Vladimir (from Ukraine) – glad you liked the accents website. Go on, give YouTube a try!
Marianna (from Slovakia) – lots of strong coffee (and quite a lot of chocolate) keeps me going.
Hyoshil (from the UK) – I agree that accents are very interesting and that we should be proud of the one(s) we have…..after all, even the Queen has an accent….
Comments
Dear Rachel, thank you of your comments and I really like a lot of your page of Ronald Dore. It is amaising that he has seen those things already 30 years ago.
Dear Rachel! The weekend is approaching very fast and I am gona be very busy doing things which have been scheduled. So I have decided to write my proper farewell comment on your blog today just in case I might not have a chance to do it properly. It’s been a fantastic time, and time has flown like an arrow when I specially have had a whale of a time to lean English from you. I really wish you could be with us a bit longer but it will be too greedy of me for it. Your varieties of entries like making videos for us, giving away the useful websites and the wonderful grammar points are the bee’s knee for me. The most I like about your time with us is I have been able to correspond with you through the comments, which it didn’t happen very often last time when you were the teacher in 2006. I take my hat off to you because you are a great teacher and a woman who has multitasked, and brought up two children so well. I wish life treated you and your family sweetly and the very best of luck. Thanks!!!!!!!!!!!!!!!!!!!!!!!!!xx
Hello Rachel. I’d like to make an effort to translate correctly Russian expression about permanent education: “Do live 100 years, be thirsty for knowledge as long as you live”. That’s true, new times require new skills. As for second conditional, it’s not the easiest topic for me either. Thanks to your guidance I’m gonna polish it one more time.

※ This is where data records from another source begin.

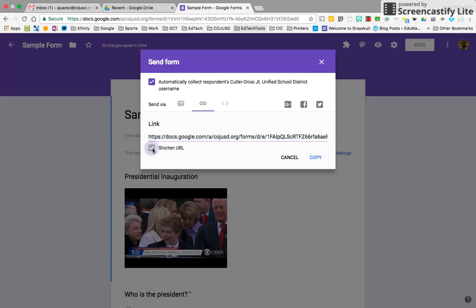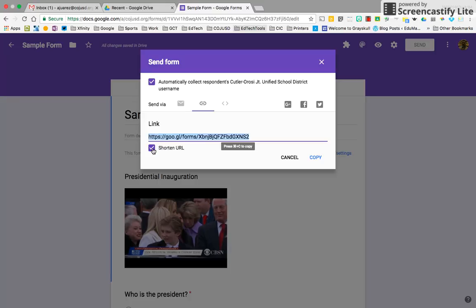I know Twitter doesn't have the character restriction anymore for links, but yeah, really easy ways. Just copy and paste this link here and you can send it out.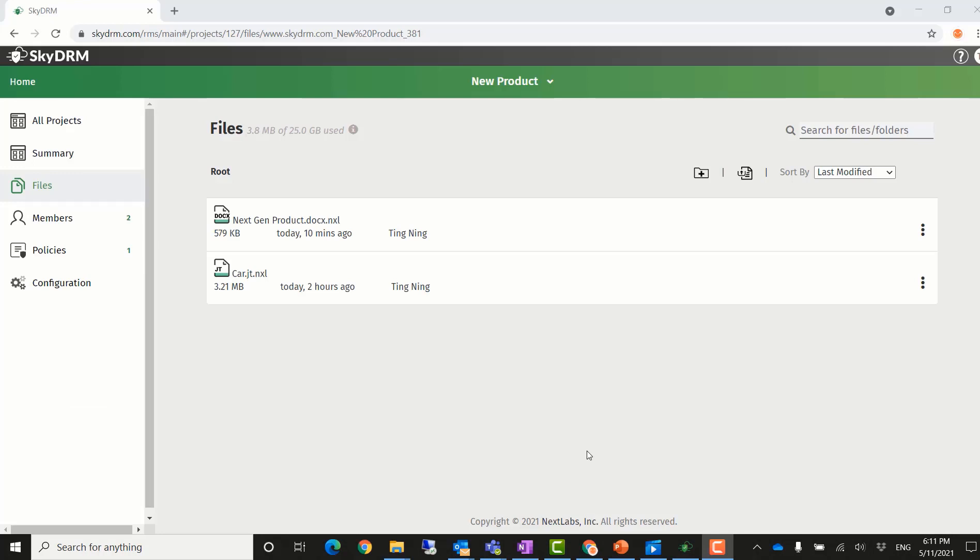Ting, from the Acme company, can log in and go to the project. He can now see the NextGen product has been updated. He can open the document and view the changes that have been made to it.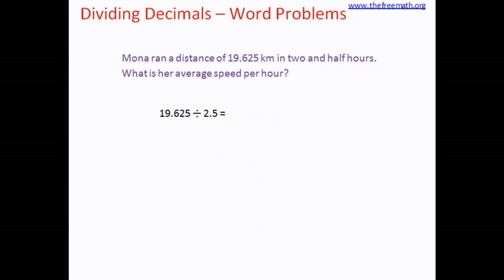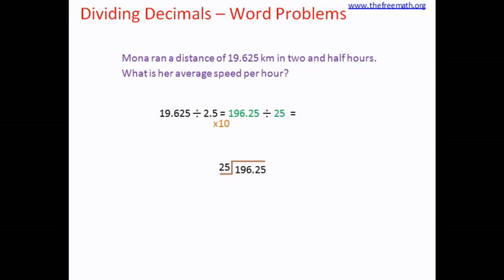Now the divisor, which is 2.5, is not a whole number, so we need to move the decimal point one place to the right. That means we need to multiply this by 10. But when you multiply the divisor, you need to multiply the dividend also — that means we multiply both numbers by 10. And now our division is 196.25 divided by 25. Let's start dividing: 25 eights are 200, so we should try 25 sevens. 25 sevens are 175.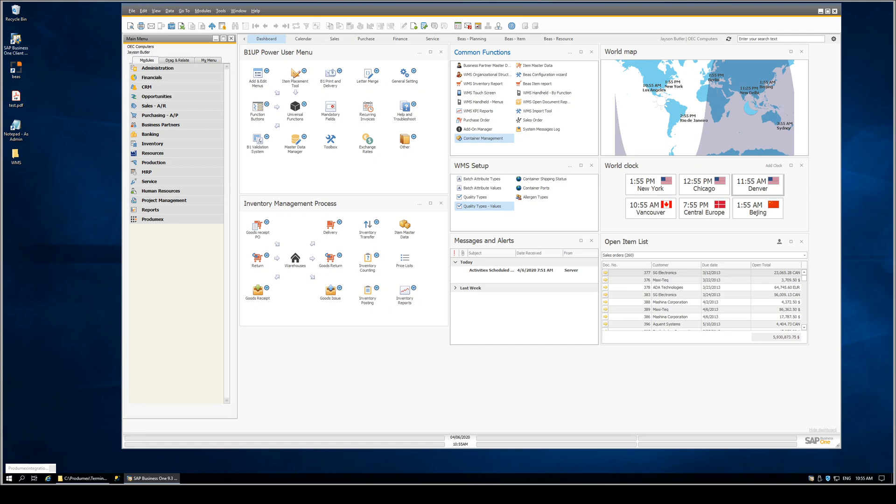Hello. I wanted to take a few minutes to show you a few integrations we've done between the Produmax WMS and B1 usability package. These integrations are designed to make this WMS system easier to use, easier to access information, and streamline operations. So here's a few examples.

Rachel Hi, If you are interested in learning and takes it as a hobby, lifelong learning keeps you occupy and stress free. You are not forced to study, so there is no tension: and you can avail the benefits of it. Infact we should name it as a 'hobby'. Best regards. Asma
Dear Rachel! Yesterday, it went a documentary here on Tv about the creator of the WWWeb Tim Bernes-Lee (by the way my hut off to such a Brain and Grand personage - suprisingly the man is almost as young as I am!). He told that the people did not become cleverer using the net they have only become better connected. The BBC LE have been working on maybe breaking his opinion! Years ago I decided I didn´t want to continue in a scientific field but to work in a common praxis. I liked my work a lot. I always felt to use what is called in English a horse-sense have been guided successfuly our ancestors to survive. I am hoping the techno-virtual world we are spreading widely around us will give a chance to be prosperous to human and caring enough to other living species and our Earth equaly! These months with you I personaly had to deal with some not good results from those new technologies about my body status which gave me feel a definite time one has. You, Rachel have been working hard to reveal what the proper learning language means as well as to do the work one loves. It was a honest and pleasure for me to communicate with you and getting to know you as the great personality. All the best!